Тогда им приказали поклясться сразу на кресте и Евангелии перед ксендзем подканцлером в верной службе, что они так же сделали, и в готовности быть днём и ночью для указывания дороги. Тут оговорили и обдумали дальнейший поход к Дрвенци, потому что никто уже тянуть дольше не хотел из-за одного пропитания такого большого количества войск, которое не легко приходила.
Куда приехали эти толпы, конские зубы и копыта не оставляли ни травинки, колодцы становились сухими, а живности вокруг куска бы не нашлось. Итак, во имя Бога было необходимо идти и войну быстро завершить. Один король ещё на панов венгерских глядел; в других горели уже души к бою.
Этого дня на ночлеге королевский оруженосец, один из его самых любимых, Янко Добрек, который несколькими днями ранее, набрав воды, сильно заболел лихорадкой, в сильной горячке на ночлеге умер, к сожалению всех.

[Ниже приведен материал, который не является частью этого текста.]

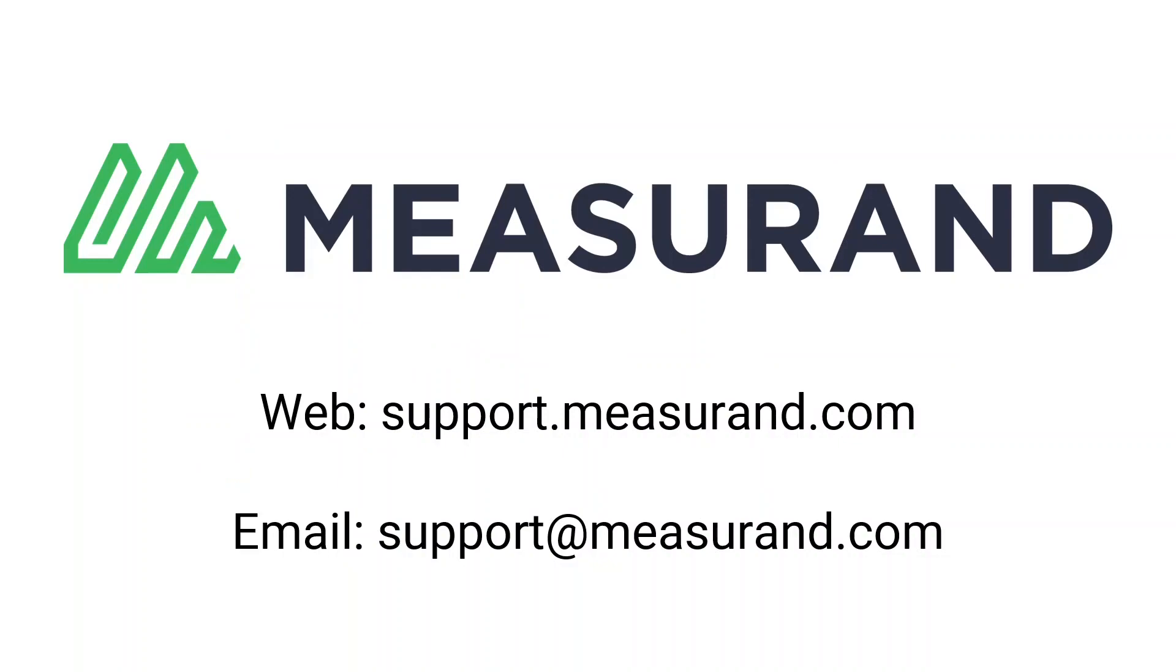I hope you found this video helpful in describing how to work with the SA-V extend software. As always, if you have any questions or concerns, please feel free to reach out to Measureand directly. You can hit our support website using the support.measureand.com URL in any web browser or you can email us at support@measureand.com. Thank you.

Сам Ягайло, узнав об этом, за плохое предзнаменование снова это приняв, был очень угрюмый. Янку могилу насыпали за лагерем и белый крест, наскоро выструганный, воткнули в неё.
Затем пошёл сам Ягайло осмотреть полки и людей, особенно первейшие хоругви, когда уже собирались выдвигаться и все на конях сидели. Издалека видеть войско ничто, как рой оно выглядит и пышет жизнью; но вблизи осматривать, в глаза смотреть, в лица и чела, лишь по ним дух узнать и предсказать можно на войне. Этого хотел Ягайло, а много также из рыцарства рады были пана ближе приветствовать и слово от него услышать.